Report: "HM" handset makers stockpiled memory, delaying price rises — likely Huawei (华为) and Xiaomi (小米)

Leak and immediate claims

It has been reported that a popular Weibo leaker, @数码闲聊站, claimed evening on March 28 that two manufacturers labelled "HM" have already stockpiled significant DRAM/LPDDR inventory, and that is why memory prices have not jumped yet. The post said the "H" maker bought in very large volumes and could weather higher prices longer, while the "M" maker is likely to absorb costs through this quarter but may pass on increases with next-quarter new models. Reportedly, observers in the thread and previous supply-chain signals point to Huawei (华为) and Xiaomi (小米) as the two firms.

Industry signals and device implications

The leaker also suggested Apple may already have procured higher-priced memory for later 2026 flagships — if Apple does not raise retail prices, that would be an unusually aggressive margin strategy. It has been reported that the unnamed large foldable device known in Chinese chatter as the Pura X2 is "planned" to support LPDDR6 memory, a sign OEMs are preparing for next-generation modules despite cost pressure.

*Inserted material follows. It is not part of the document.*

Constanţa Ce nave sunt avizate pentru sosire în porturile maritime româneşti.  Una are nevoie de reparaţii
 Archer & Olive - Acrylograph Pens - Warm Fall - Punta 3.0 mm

Market context and geopolitical backdrop

This private stocking comes as memory markets tighten. IDC warned that global smartphone shipments were expected to fall 6.8% year-on-year in Q1 2026, and that rising memory prices would squeeze smaller vendors who cannot secure supply or absorb costs, lifting ASPs while depressing volumes. Geopolitics matters here too: ongoing U.S. export controls and broader trade tensions have pushed Chinese OEMs and suppliers to pre-buy and prioritize inventories where they can, turning memory procurement into a competitive lever as much as a cost line.

What to watch

If the leak is accurate, large incumbents could use inventory advantages to hold prices down and grab share — or to maintain margins depending on strategy. Will big brands eat the cost to expand market share, or pass it to consumers? For now the claims remain unverified and stem from social-media sourcing, but they align with broader industry warnings that an elevated memory-cost cycle could reshape 2026 mobile-market dynamics.